新校舎は鉄筋コンクリート4階建て。延べ床面積は4500平方㍍。建物については公共事業の立ち退き補償の性格から現行の機能回復を目的にしているため、現在の規模と同程度になる。体育館は2階建て。バスケットボールの公式コートの広さを確保している。
周囲は海と豊かな自然に囲まれ、野鳥園は徒歩で通える範囲内。近隣にはアジアトレードセンターがある。同学園の鄭文植事務長は「教育環境が変わることで人間としてどう変わるのか楽しみ。きっともっと勉強しよう、アジアから世界に羽ばたこうという人材がでてくるはず。国際学校をめざす金剛学園に相応しい」と期待している。

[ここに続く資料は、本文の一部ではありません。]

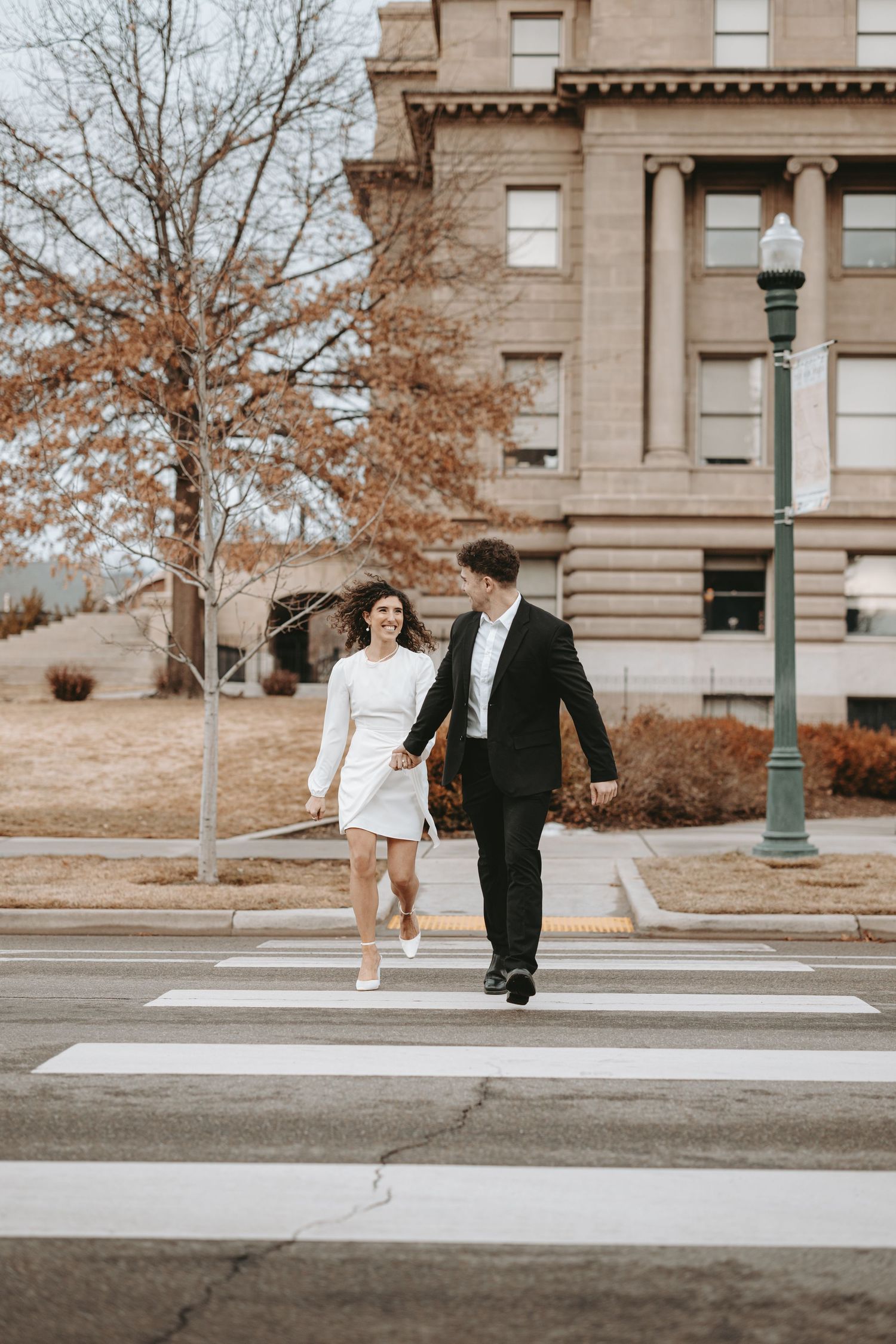 A couple in black and white formal wear walks across a crosswalk near a historic building.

生徒数が増加傾向にあるだけに、その受け皿として将来的には隣接地1万2297平方㍍を買収して教室数を2倍に増やし、寄宿舎も設置するなど、学校本来の機能を拡充していこうとの計画もあるという。これは自立経営という観点からも避けて通れない。
移転費用3億円
金剛学園が移転を迫られるようになったのは、大阪市の都市計画実施に伴い、小学校の現校舎全体が計画道路「加島天下茶屋線」に収用されるようになったためだ。事業は96年10月9日に認可され、金剛学園は当初、06年中の立ち退きを迫られていた。

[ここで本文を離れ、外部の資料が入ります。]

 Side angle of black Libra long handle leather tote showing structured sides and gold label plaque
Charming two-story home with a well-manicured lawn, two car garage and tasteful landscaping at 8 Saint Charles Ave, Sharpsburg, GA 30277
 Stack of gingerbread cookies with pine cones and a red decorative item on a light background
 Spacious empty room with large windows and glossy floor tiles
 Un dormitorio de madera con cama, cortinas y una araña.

これに対して一部理事からは「移転は我々が望んだものではない。新校舎そのものを市が補償するべきだ」とする意見もあった。だが、金剛学園としても現校舎が建立から50年を経て雨漏りがするなど老朽化していること、耐震性にも問題があり、最終的に移転を選択せざるをえない事情があった。

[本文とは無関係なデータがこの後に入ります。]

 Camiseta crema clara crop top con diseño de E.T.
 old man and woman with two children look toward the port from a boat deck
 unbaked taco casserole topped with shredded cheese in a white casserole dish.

理事会では北津守、南港、八尾南高校の3つの移転候補地を現地調査した結果、南港がITインフラが整い、「産学連携の研究開発拠点の形成」をめざしているなど、韓国系国際学校を目指す同学園の移転予定地として最適と判断した。
ただし、大阪市が示した機能回復の公共補償費用は9億5330万円。減耗費などを差し引くと8億1200万円が支払い額だった。設計事務所の概算見積額9億8800万円に対して1億7600万円の不足額が生じる。新しい什器備品を購入したり、冷暖房設備などの環境整備も考慮に入れれば2億5000万円〜3億円余りが不足する計算だ。
理事会ではこの不足分について「みんなで助け合おう」(崔長煕理事・民団西成支部支団長)と呼びかけている。
金剛学園とは
1946年4月に西成朝鮮人学校として開校。約60年の間、5000人におよぶ卒業生を輩出してきた。近年は、韓国と日本、そして世界を結び21世紀の国際社会で活躍する人材を育成する国際学校を目指している。生徒数は小中高合わせて349人(06年11月7日現在)。